For the last several years I’ve been quick to state that I hate performing, though I love dancing and moving. Growing up taking dance class after dance class I was always the blank-faced kid on stage, feeling openly resentful towards the artificiality of ‘pulling face’, but so eager to take on the physical challenge of dance. (Spoiler alert: I still feel that way - even as a choreographer that asks for facial involvement in some of my work - more power to those of you who enjoy that sort of thing.) In college I was really aware of my imperfect technique and lack of natural flexibility and a ‘dancer’s body’ and with the beginning stages of a hip injury that followed me through the past decade, my distaste for the ‘being on stage’ part of dance grew and grew and was easily justifiable in my own thoughts. Honestly there was nothing to miss by taking myself out of the performance equation; I’ve always wanted to create, never perform, and I find no greater personal satisfaction than in developing new work on a group of performers and watching it become their own physical and mental property - magic.
This year something happened.
A month ago I found myself in the midst of an hour-long solo performance, engrossed in what I was doing and truly enjoying it. Yes, it was a safe space and I was surrounded by peers. Yes, I had created the work from a completely genuine place with a collaborator I trusted. But… I [think I] was performing.
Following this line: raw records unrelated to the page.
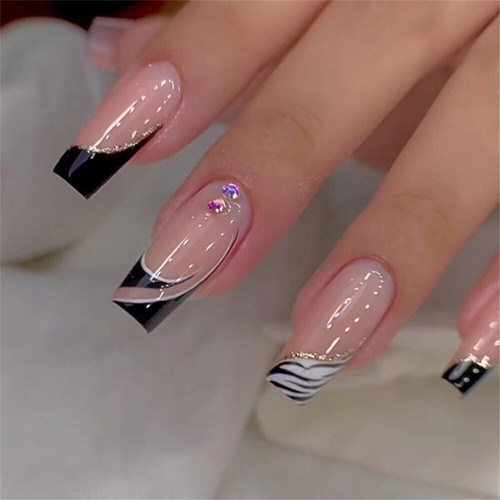 Stampa animalier unghie finte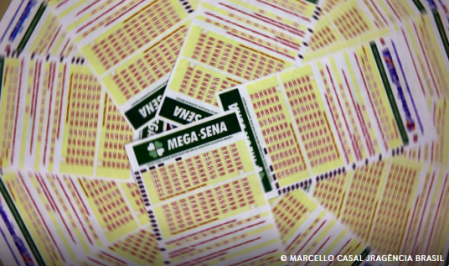 Mega-Sena nÃ£o tem ganhadores e prÃªmio acumula em R$ 50 milhÃµes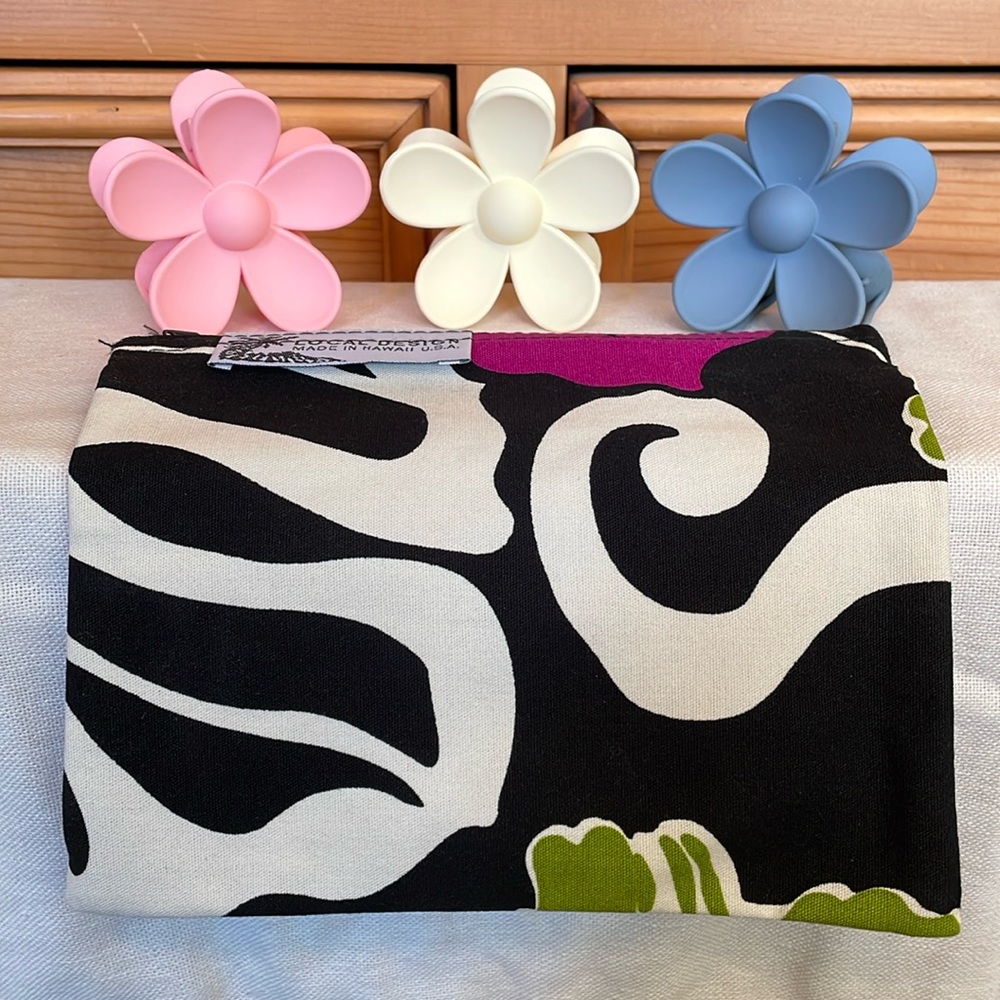 New! 4-item set: 3 flower hair clips & Local Design Made in HI zippered pouch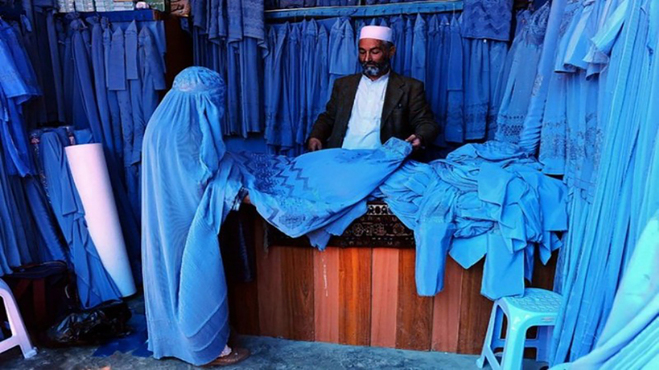 قیمت برقع در کابل ۱۰ برابر شد
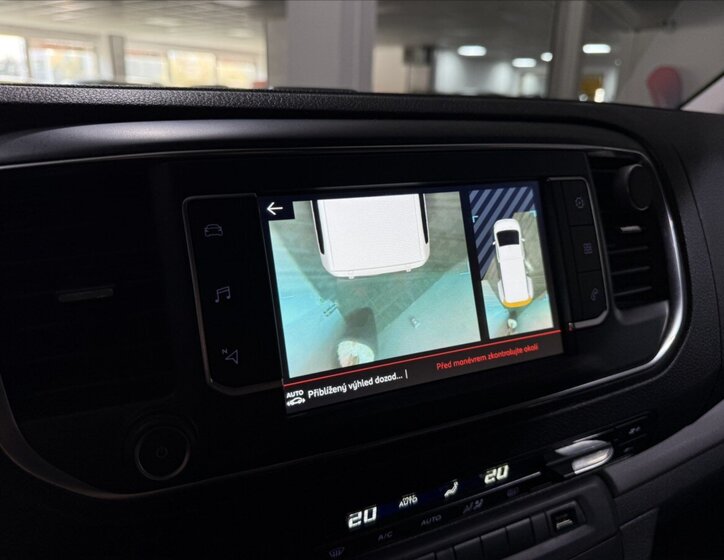 Citroën SpaceTourer Kombi 2,0 l 130 kw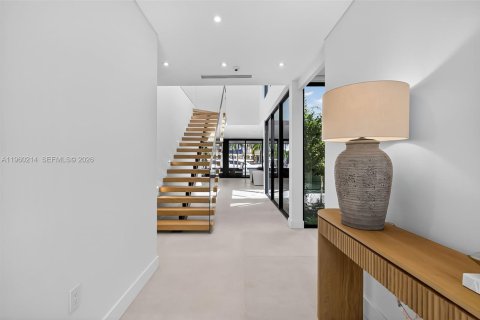 Villa ou maison à louer à Fort Lauderdale, Floride: 4 chambres, 366.87 m2 № 2020140 - photo 20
And enjoying it.
I’m curious about everything - especially the inner workings of the brain - and have the tendency to crave the search for ‘why’, we can blame this on being the offspring of a therapist. Of course my brain jumped on the task of determining how and why this shift snuck up on me. I could track threads back to fall 2014, when I was participating in a choreographer’s residency at Green Street Studios (immediately after hip surgery) and had to share work that I was exploring with outside eyes. I remember being slightly terrified and equally thrilled when Karen Krolak and Lorraine Chapman pushed pushed pushed me one weekday morning just to be real, to be present, to deliver the movement I made as my own impulse dictated at the time. What felt right? Where did my body want to pause, and why ignore it? Karen, who I consider a great mentor, spent a few more mornings on the hunt for the identity of this phrase, continuing to (delightfully) challenge the process. Another evening Andy Taylor Blenis pushed me through that same phrase focusing on owning the physicality in the present. Real… present… These were things I totally stand behind as a human, and my conception of a performer based outside of one’s own true self started to melt. I’m not sure any of these wonderful women artists know what they jumpstarted, as they kindly shared their time, compassion and thoughts, or that it took me a full year and a half later to find the depth of my gratitude!
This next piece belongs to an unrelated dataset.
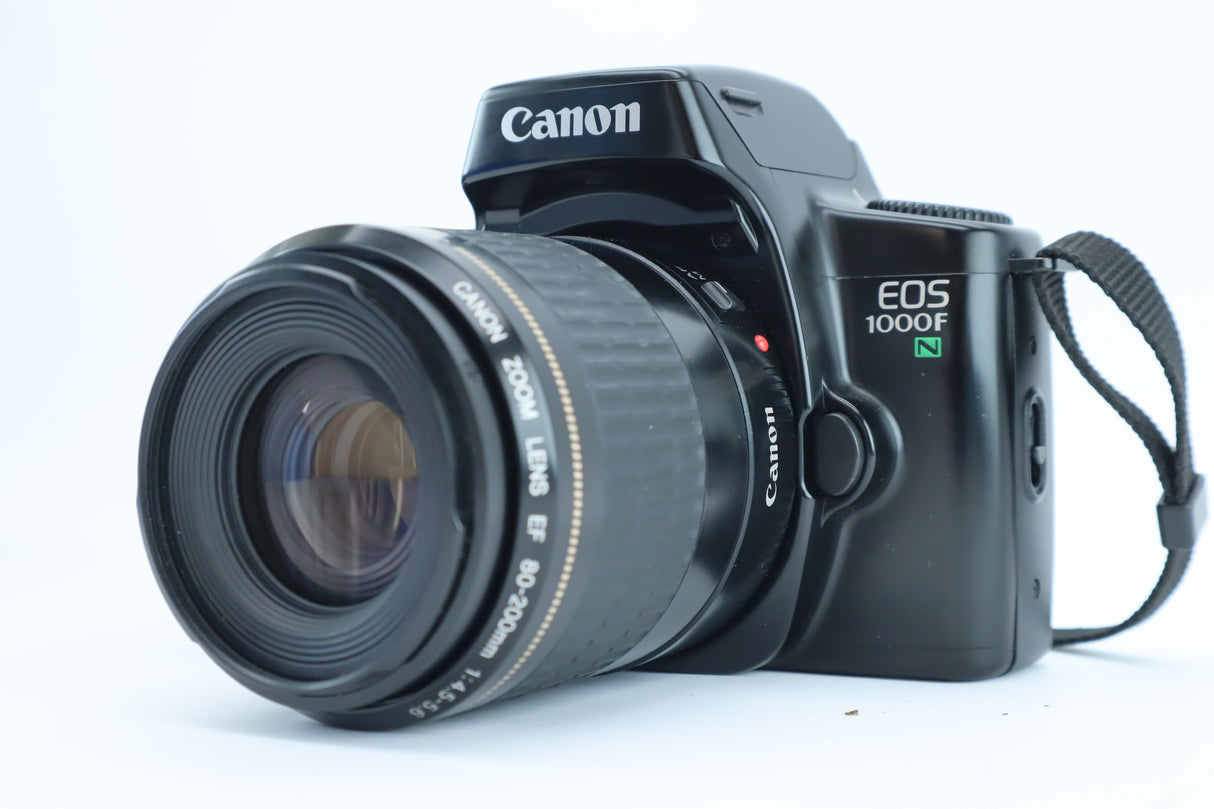Canon EOS 1000F N with EF 80–200mm f/4.5–5.6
Another opportunity to be grateful for and the point of this entry... through the entire fall I was fortunate enough to work with a friend and fellow artist, Wolf Luman, and to sustain a deep dialogue through music and movement. He would communicate through brilliant sound that streamed into my ears, I would answer by following what my body needed to say in honest response. We never met in person, but kept a steady flow of tracks and filmed rehearsal sessions volleying back and forth. A few months later, Wolf had created an entire new album and without knowing it I created an hour of movement, obviously the fruit of both of which was a stand alone performance piece. And when you create such a beautiful performance piece, you have to perform it! And we did. And it felt incredible. And the audience was enraptured. There’s more to explore here about creating such a personal work through organic mediums (body and sound) with completely digital communication, but I’ll save it for another day.
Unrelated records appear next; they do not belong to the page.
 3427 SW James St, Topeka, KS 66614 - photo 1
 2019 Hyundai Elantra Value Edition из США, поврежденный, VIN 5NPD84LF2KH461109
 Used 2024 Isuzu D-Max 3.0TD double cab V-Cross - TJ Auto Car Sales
I think the greatest takeaway is that a performance experience doesn’t necessitate ‘performing’ if you’re simply being authentic and present in live movement research. During each second of my hour long performance/sound exploration I was making choices - to move or not to move, if I decided to move what did my body need to do to fulfill my internal needs and the needs of the relationship between music and myself at that split second in time? What was I feeling at any given second and how could I merge that with what I wanted to say with my body? Yes, I recognized the fact that I was being watched and yes, those individuals viewing the performance shifted the goal ever so slightly just due to the fact that they were present in the space and all focusing their energy on the same subject (me!), but it was ok.
Looking ahead, where does this new found intrigue in exploring movement in front of others lead? Perhaps for me, a performance that is enjoyable and satisfying will always be improv so I can be absolutely authentic in any given split second of movement. In any case, I’m happy to have the beautiful ability to evolve, grow and see where the self exploration takes me.